Dimension scores are derived from public data and fields; weighted into the composite. Reference only.
Top Four Directory is a directory built around personal websites’ “/top4 pages.” A /top4 page is where users share their three favorite items on a given topic plus one honorable mention—such as movies, albums, games, snacks, books, and so on. The site mainly serves as a showcase and index, helping visitors discover Top 4 lists published on different personal websites.
Based on the main content, its core sections include an explanation of the concept, the directory listing, instructions for adding/removing entries, and a list of topic ideas. The directory displays names, topics, and four ranked items, making it more of a content-discovery site than a management tool. Adding or removing entries requires a GitHub account, with users following the readme to submit a Pull Request that modifies the data file. For removals, there is a basic safeguard: only a removal PR submitted by the same GitHub user who originally added the row will be merged. This provides some ownership verification, but it is not a full permission-management system.

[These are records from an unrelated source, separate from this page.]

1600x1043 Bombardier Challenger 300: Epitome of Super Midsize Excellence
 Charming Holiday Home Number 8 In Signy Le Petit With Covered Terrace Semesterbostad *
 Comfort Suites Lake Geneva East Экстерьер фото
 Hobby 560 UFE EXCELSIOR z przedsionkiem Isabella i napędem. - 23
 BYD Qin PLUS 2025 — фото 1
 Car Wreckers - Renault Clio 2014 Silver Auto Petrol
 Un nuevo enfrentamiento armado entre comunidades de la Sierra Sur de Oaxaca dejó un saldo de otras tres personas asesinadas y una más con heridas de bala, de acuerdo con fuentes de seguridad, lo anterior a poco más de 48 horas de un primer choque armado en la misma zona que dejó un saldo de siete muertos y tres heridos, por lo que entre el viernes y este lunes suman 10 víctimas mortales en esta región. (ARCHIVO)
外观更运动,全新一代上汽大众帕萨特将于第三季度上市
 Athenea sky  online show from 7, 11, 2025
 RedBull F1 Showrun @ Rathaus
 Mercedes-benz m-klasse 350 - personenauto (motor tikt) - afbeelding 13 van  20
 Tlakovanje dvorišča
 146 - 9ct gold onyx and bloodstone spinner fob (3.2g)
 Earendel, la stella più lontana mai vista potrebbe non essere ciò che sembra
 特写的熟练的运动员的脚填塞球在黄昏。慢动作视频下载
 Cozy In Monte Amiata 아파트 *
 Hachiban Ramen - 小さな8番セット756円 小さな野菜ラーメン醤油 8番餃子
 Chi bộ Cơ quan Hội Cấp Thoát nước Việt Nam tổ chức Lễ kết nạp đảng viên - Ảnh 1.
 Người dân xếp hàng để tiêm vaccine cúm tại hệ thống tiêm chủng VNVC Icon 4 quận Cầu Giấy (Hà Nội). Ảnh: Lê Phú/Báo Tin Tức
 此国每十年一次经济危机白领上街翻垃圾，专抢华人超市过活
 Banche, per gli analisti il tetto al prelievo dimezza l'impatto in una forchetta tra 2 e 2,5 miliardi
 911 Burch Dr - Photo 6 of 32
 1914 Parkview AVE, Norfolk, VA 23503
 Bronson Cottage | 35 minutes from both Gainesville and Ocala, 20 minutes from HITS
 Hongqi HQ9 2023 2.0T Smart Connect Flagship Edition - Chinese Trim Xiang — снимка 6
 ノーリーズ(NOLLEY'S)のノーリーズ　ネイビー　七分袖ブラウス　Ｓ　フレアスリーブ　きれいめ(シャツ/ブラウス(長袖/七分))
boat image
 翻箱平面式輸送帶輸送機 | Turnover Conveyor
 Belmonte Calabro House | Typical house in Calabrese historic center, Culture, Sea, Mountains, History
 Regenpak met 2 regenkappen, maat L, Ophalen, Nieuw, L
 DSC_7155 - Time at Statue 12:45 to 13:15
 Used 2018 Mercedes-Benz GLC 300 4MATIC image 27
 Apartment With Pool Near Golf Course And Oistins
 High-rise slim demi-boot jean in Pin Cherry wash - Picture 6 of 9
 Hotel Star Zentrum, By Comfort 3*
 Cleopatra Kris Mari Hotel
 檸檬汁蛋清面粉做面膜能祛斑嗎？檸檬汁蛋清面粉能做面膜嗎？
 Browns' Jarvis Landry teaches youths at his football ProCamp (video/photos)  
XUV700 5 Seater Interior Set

The main content does not disclose any plans, pricing, free tier, or trial information, nor does it mention payment methods. Judging by how it is used, it looks less like a commercial SaaS product and more like an open-source or community-style directory project. In terms of third-party integrations, GitHub is the only one clearly involved, as users maintain data through Pull Requests. There is no visible information about APIs, webhooks, enterprise integrations, automatic syncing, or developer documentation.
Its main advantage is that the concept is extremely lightweight. It is well suited for personal website owners who want to express their interests and preferences, while also making their personal pages more fun and conversation-worthy. The directory format is clear, the topic ideas are varied, and the barrier to entry is relatively low within technical communities. The downsides are that it is not very friendly to non-GitHub users; it also lacks an admin backend, form-based submissions, review status tracking, team collaboration, analytics, security/compliance details, or service support information. As a result, it is not suitable as an enterprise software procurement option.
It is suitable for individual users who have a personal website, are familiar with the GitHub workflow, and want to add more personalized content beyond an /about or /now page. For China-based users, note that the main content provides no information about network accessibility, ICP filing, payment, or localization, so its accessibility from China can only be considered unknown. Possible alternatives include a personal blog, GitHub Pages, a public Notion page, Linktree-style personal homepage tools, or maintaining your own static directory page.
⚠ This review is compiled from public sources and does not constitute a purchase recommendation. Verify all facts on the vendor's official site. Verify on topfour.net official site.
topfour.net is an Unknown Resource Sites provider. TG4G tracks its product information, an overall rating of 6.0/10, and a China-accessibility score of China direct-connect friendly. Click "Visit Official Site" to reach topfour.net directly.